5. Heard the arguments. The inventiveness and prescience of the Act was to provide an opportunity to certain employees, serving on contractual basis, to be appointed on a regular basis, and the Act was made applicable to all contractual employees performing their duties in different Government Departments having completed 3 years of continuous service before or after the commencement of the Act. According to Section 2 (Definitions clause), clause (c), “contract employee” means an eligible person appointed on contract in a department immediately before the commencement of the Act but does not include a person appointed to a post in a project, programme, project management unit, project management office, time bound (one-time) development activity or as work-charged employee or an employee on daily wages, and according to clause (f), “regularization” means the appointment of an eligible contract employee on regular basis, with immediate effect, in accordance with the Act. The Act depicts the intention of legislature that in order to strengthen the enforceability of the aforesaid Act across the board without any discrimination, by clearly expounding under Section 3 that notwithstanding the mode or manner of appointment, or any deficiency or defect in the procedure or anything contained in the Punjab Civil Servants Act 1974, the rules framed thereunder or any recruitment policies, any person appointed on contract, immediately before the commencement of the Act, shall be deemed to have been validly appointed and such appointment shall not be called in question. [Emphasis supplied]

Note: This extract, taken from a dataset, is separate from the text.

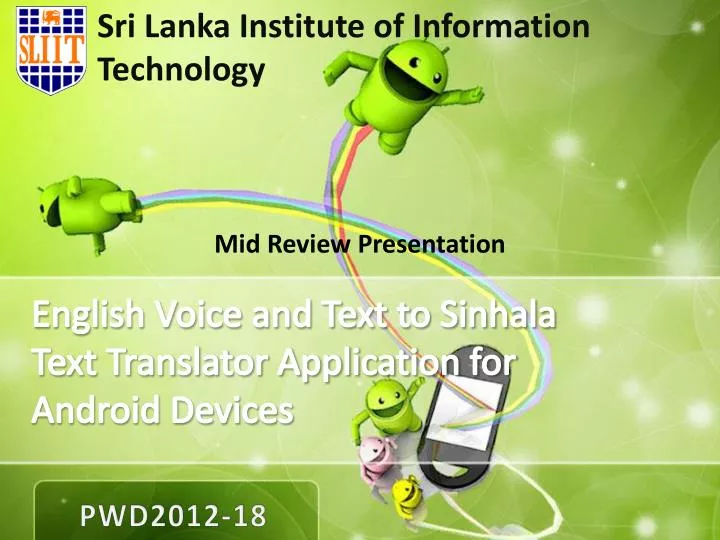 english voice and text to sinhala text translator application for android devices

6. If we look at Section 4 of the Act in juxtaposition, it in fact bifurcates the procedure of the regularization of contract employees in different stages and categories. For instance, the case of a contract employee appointed on the recommendations of the Commission (Punjab Public Service Commission) shall be submitted to the appointing authority for regularization without reference to the Commission or the Scrutiny Committee, but if the post falls within the purview of the Commission yet the contract employee was appointed otherwise than on the recommendations of the Commission, the case shall be referred to the Commission for recommendations, and finally, if the post is outside the purview of the Commission, the case of the contract employee shall be placed before the Scrutiny Committee constituted under the Act for recommendations.

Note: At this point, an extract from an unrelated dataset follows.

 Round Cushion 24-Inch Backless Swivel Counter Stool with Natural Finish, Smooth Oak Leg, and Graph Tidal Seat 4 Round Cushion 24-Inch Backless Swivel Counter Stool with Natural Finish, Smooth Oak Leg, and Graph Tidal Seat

7. Seemingly with the aim of dealing and tackling with the issue of regularization of services of those contract employees who are found far afield the dominion of the Commission, the Scrutiny Committee constituted under the Act is to be entrusted for recommendations, and Section 5 commands that the appointing authority shall constitute one or more Scrutiny Committees for the purposes of the Act to scrutinize the academic record and other relevant documents of the contract employee and verify that the contract employee is eligible and qualified for regularization and then forward recommendations to the appointing authority. According to the acumen of the legal framework articulated under Section 11 of the Act, all contract employees, upon their regularization, cease to be governed by the Contract Appointment Policy, 2004, and the terms and conditions of their service shall be regulated under the Punjab Civil Servants Act, 1974, and the rules framed thereunder.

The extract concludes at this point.